Après Hors de Prix (2006) et De Vrais Mensonges (2010), En Liberté ! marque également les retrouvailles du cinéaste avec la comédienne Audrey Tautou qui campe ici le personnage d’Agnès, la femme prisonnière de son adoration, amoureuse et inquiète d’Antoine.
Découvert avec son interprétation du personnage principal dans Rester Vertical (2016) d’Alain Guiraudie, Damien Bonnard (Le Bruit des Glaçons, 2009 ; Vendeur, 2015 ; L’Astragale, 2015 ; Voir du Pays, 2016 ; D’après une Histoire Vraie, 2017 ; Dunkerque, 2017 ; 9 Doigts, 2017 ;…) joue ici le rôle de Louis, un flic rêveur, étourdi et prisonnier de son amour pour sa collègue Yvonne.
Enfin, qui mieux que le flamboyant Vincent Elbaz pour interpréter avec la dextérité du grand Belmondo des années 1980, le personnage fantasmé de Jean Santi, policier mort en héros qui va s’avérer être le dernier des ripoux ?

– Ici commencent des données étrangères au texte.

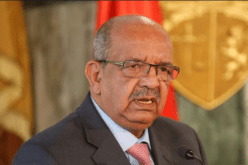 مساهل: ذكرى تأسيس الحكومة المؤقتة لها دلالات كبيرة نظرا لأهميتها السياسية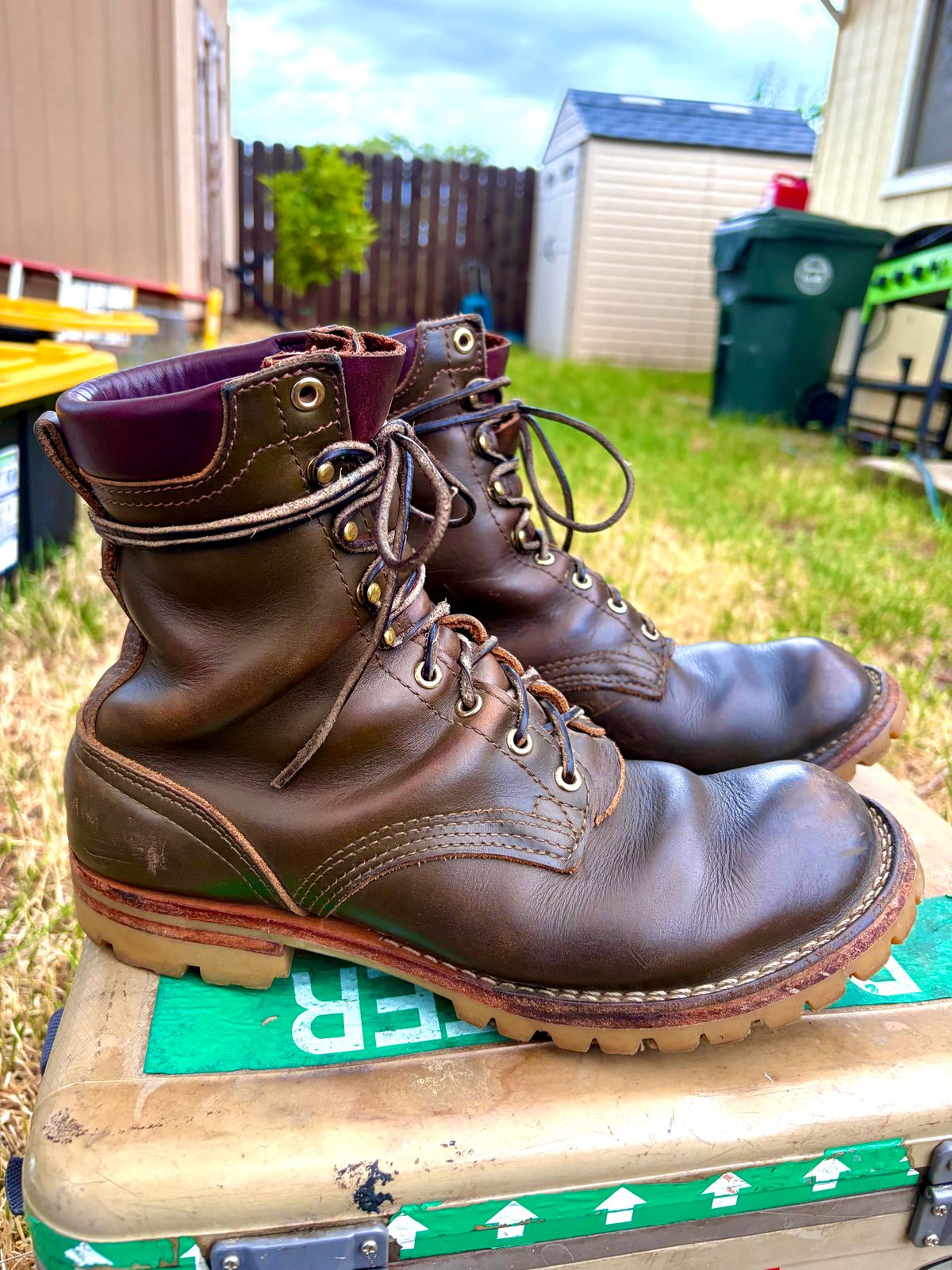 Photo by robmagr on April 2, 2026 of the Nicks Maxwell in Shakelton Greener Pastures.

Le scénario d’En Liberté ! est le cinquième que le réalisateur co-écrit avec Benoit Graffin. Ce dernier étant parti en cours de route faire son propre film, Salvadori à continué le travail avec Benjamin Charbit qui a eu la même approche du sujet que son prédécesseur. Le cadrage précis et la lumière impeccablement assortie aux couleurs vives et contrastées du film sont le fruit du travail du chef opérateur Julien Poupard avec qui le réalisateur collabore ici pour la première fois.

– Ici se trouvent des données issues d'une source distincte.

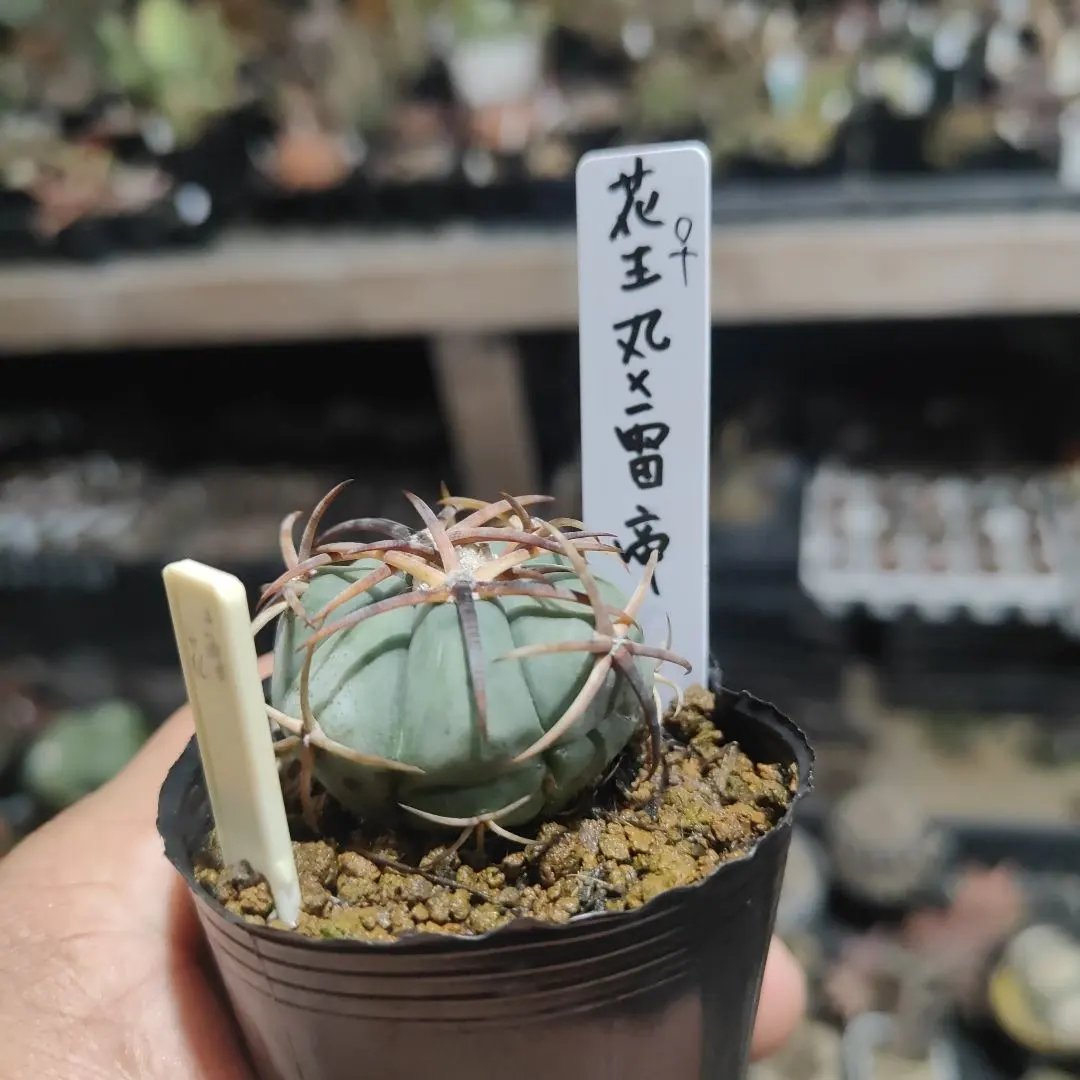 2026年最新】花王丸 サボテンの人気アイテム - メルカリ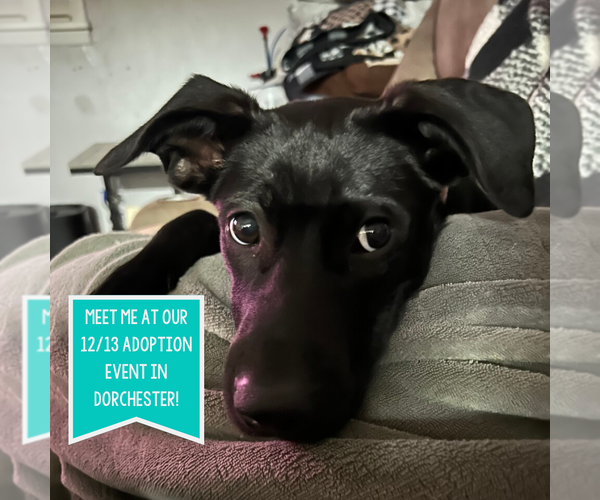 Medium Photo #1 Labrador Retriever-Unknown Mix Puppy For Sale in Boston, MA, USA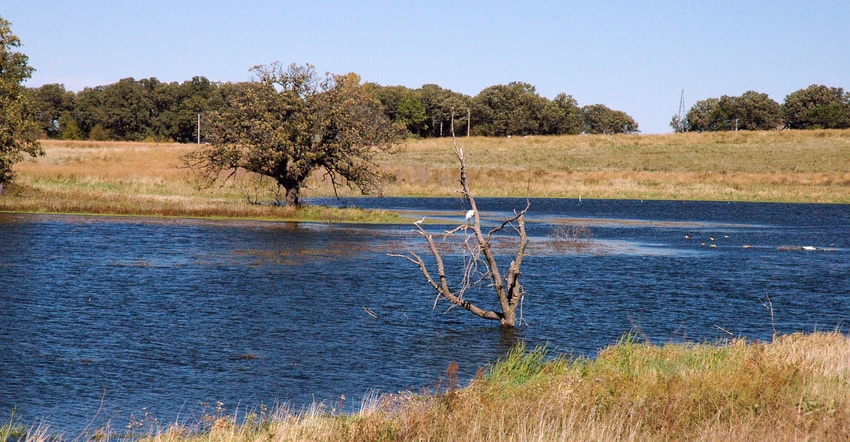 Iowa wetland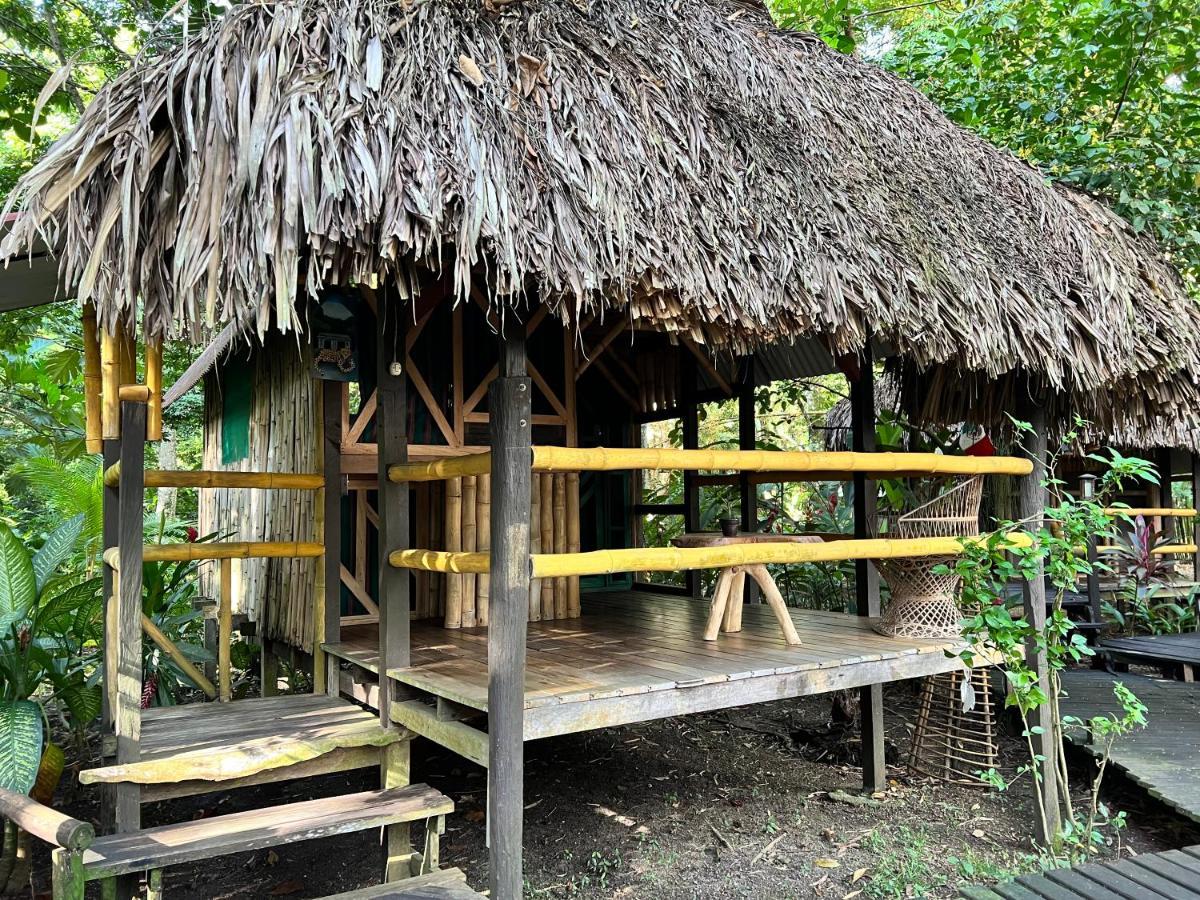 Cabanas Bambutan ปาเลงเก ภายนอก รูปภาพ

Comme on le constate avec le casting artistique mais aussi technique, même si avec ce film il y a de nouveaux venus dans l’équipe, Pierre Salvadori est un metteur en scène qui aime travailler « en famille ». Fidèle aux personnes qui l’entourent et dont il apprécie le travail, après Comme elle respire, Les Marchands de sable, Après vous… et Hors de prix, En Liberté ! est également la cinquième collaboration du cinéaste avec l’extraordinaire et talentueux Camille Bazbaz, compositeur de l’excellente bande originale qui se situe à mi-chemin entre soul sixties et blacksploitation. A noter que dans une scène du film Les Marchands de sable, Salvadori filme même l’auteur-compositeur-interprète effectuant une performance live exceptionnelle de son titre D’une balle. Merveilleux. Hey ! Camille ! Rock On !!

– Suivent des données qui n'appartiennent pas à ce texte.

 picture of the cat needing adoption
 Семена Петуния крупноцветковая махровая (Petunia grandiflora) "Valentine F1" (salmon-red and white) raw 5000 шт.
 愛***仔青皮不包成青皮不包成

Porté par des comédiens extraordinaires, parfaitement rythmé par un impératif comique et par une bande originale endiablée, à la fois efficace, inventif, sensible et émouvant, En Liberté ! est un polar burlesque poétique intelligent mené tambour battant qui doit tout au talent de son auteur qui, par la singularité de son style ne fait ici rien de moins que de redonner toute sa place au genre. Hilarant. Merci Monsieur Salvadori !
Steve Le Nedelec
En Liberté ! un film de Pierre Salvadori avec Adèle Haenel, Pio Marmai, Damien Bonnard, Vincent Elbaz, Audrey Tautou, Hocine Choutri… Scénario : Pierre Salvadori, Benjamin Charbit et Benoît Graffin. Dialogues : Pierre Salvadori. Image : Julien Poupard. Décors : Michel Barthélémy. Costume : Virginie Montel. Montage : Isabelle Devinck et Géraldine Mangenot. Musique : Camille Bazbaz. Producteurs : Philippe Martin et David Thion. Production : Les Films Pelléas. Distribution : Memento Films (Sortie en France le 31 octobre 2018). France. 2018. 108 minutes. Couleur. Format image : 2.35 :1. DCP. Sélection : Quinzaine des Réalisateurs 2018. Tous Publics.